Task to complete: Beginning at the top of the entries below, retype each line exactly until the line containing "Rembourreuse de saucisses" has been written out; include no pictures and no later lines.

----------

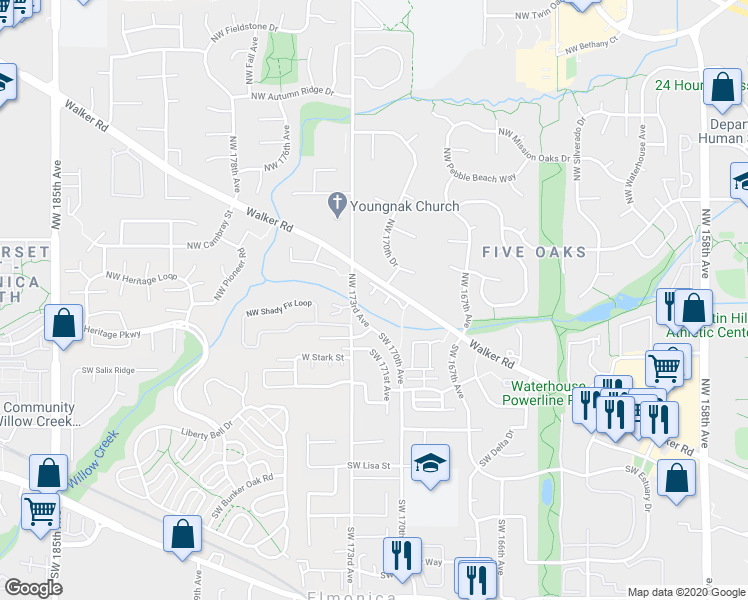 map of restaurants, bars, coffee shops, grocery stores, and more near 17260 Northwest Gables Creek Lane in Beaverton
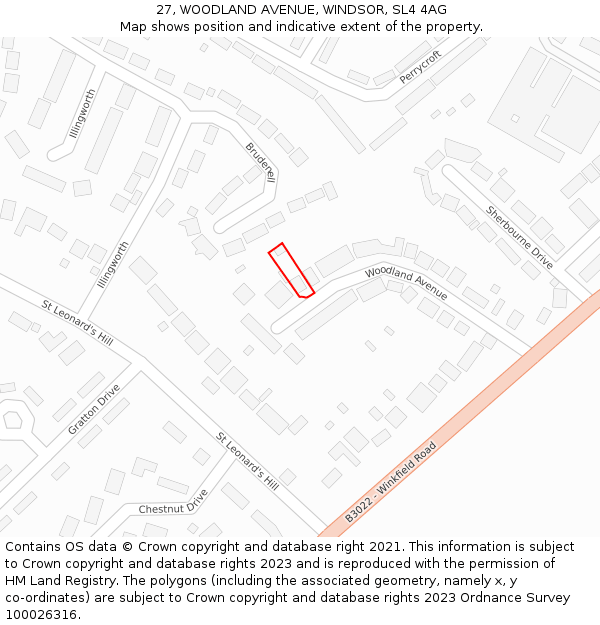 27, WOODLAND AVENUE, WINDSOR, SL4 4AG: Location map and indicative extent of plot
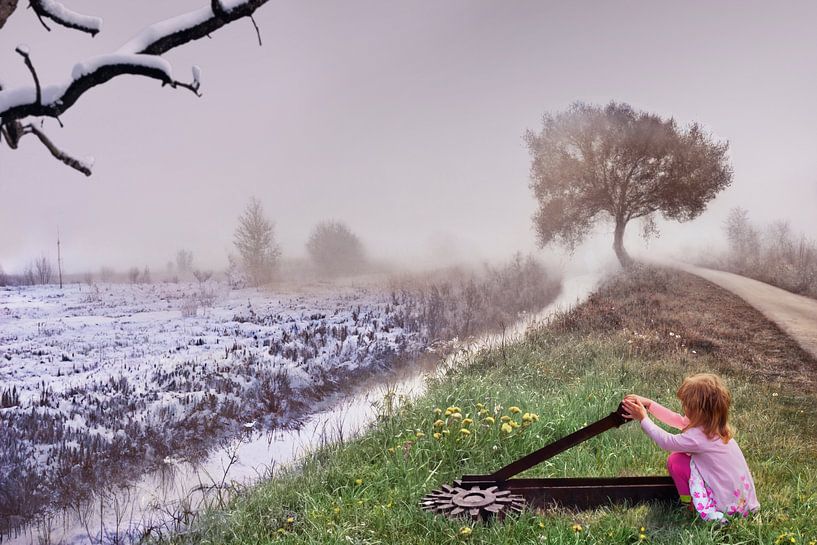Magisches Mädchen und Jahreszeiten: Bezaubernde Fotomanipulation der natürlichen Verwandlung von Elianne van Turennout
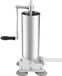 Rembourreuse de saucisses 3 litres - Machine à saucisses manuelle - 8 tuyaux de remplissage de 15–28 mm (plastique/acier inoxydable) - Commande manuelle - Acier inoxydable - Argent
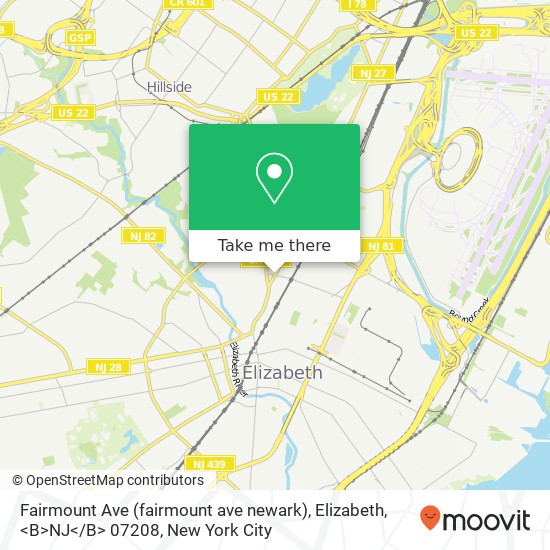 Fairmount Ave (fairmount ave newark), Elizabeth, <B>NJ< / B> 07208 map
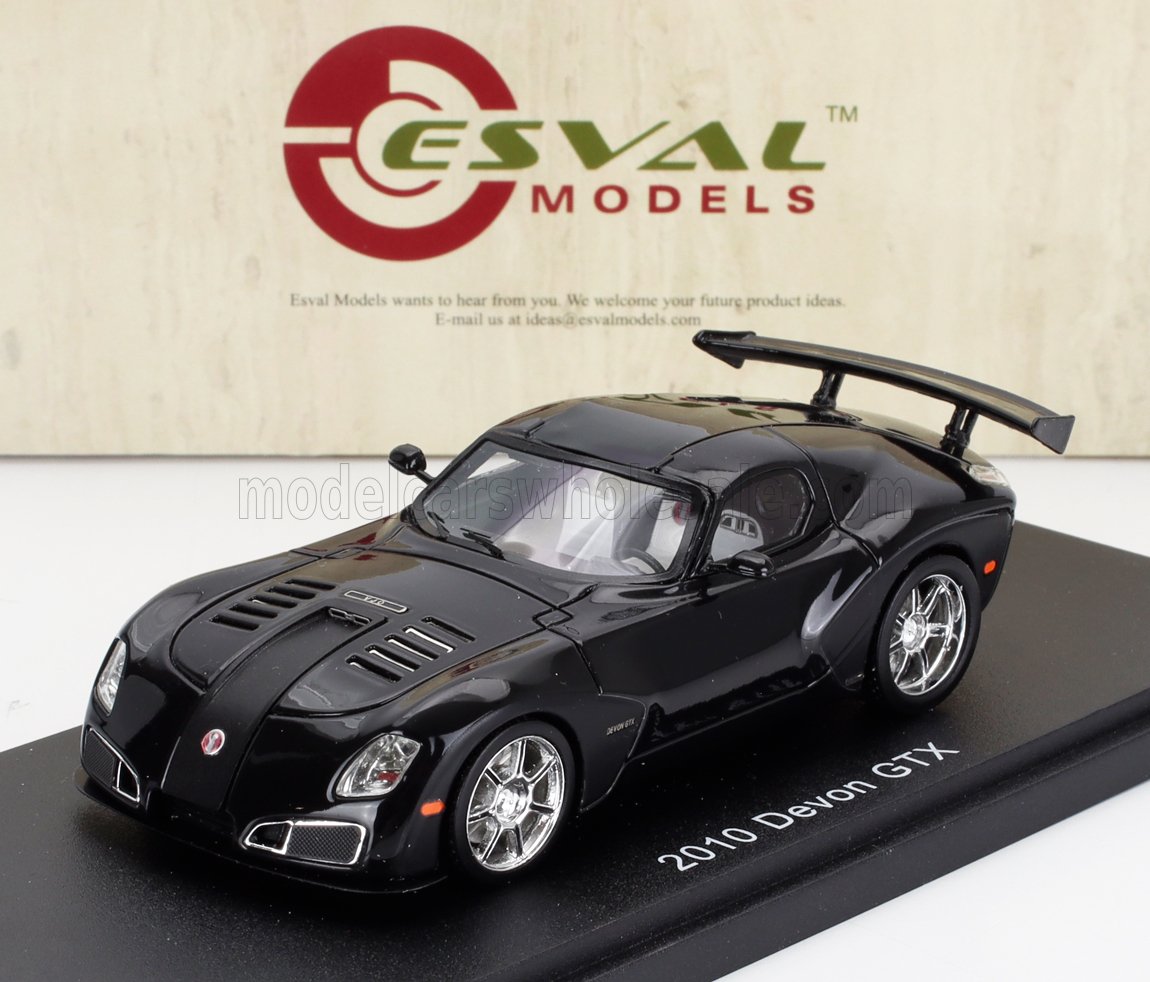 Black 2010 Devon GTX model car with spoiler on display stand by Esval Models, now offered on Vroomi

----------

Reply to the exercise:
 map of restaurants, bars, coffee shops, grocery stores, and more near 17260 Northwest Gables Creek Lane in Beaverton
 27, WOODLAND AVENUE, WINDSOR, SL4 4AG: Location map and indicative extent of plot
Magisches Mädchen und Jahreszeiten: Bezaubernde Fotomanipulation der natürlichen Verwandlung von Elianne van Turennout
 Rembourreuse de saucisses 3 litres - Machine à saucisses manuelle - 8 tuyaux de remplissage de 15–28 mm (plastique/acier inoxydable) - Commande manuelle - Acier inoxydable - Argent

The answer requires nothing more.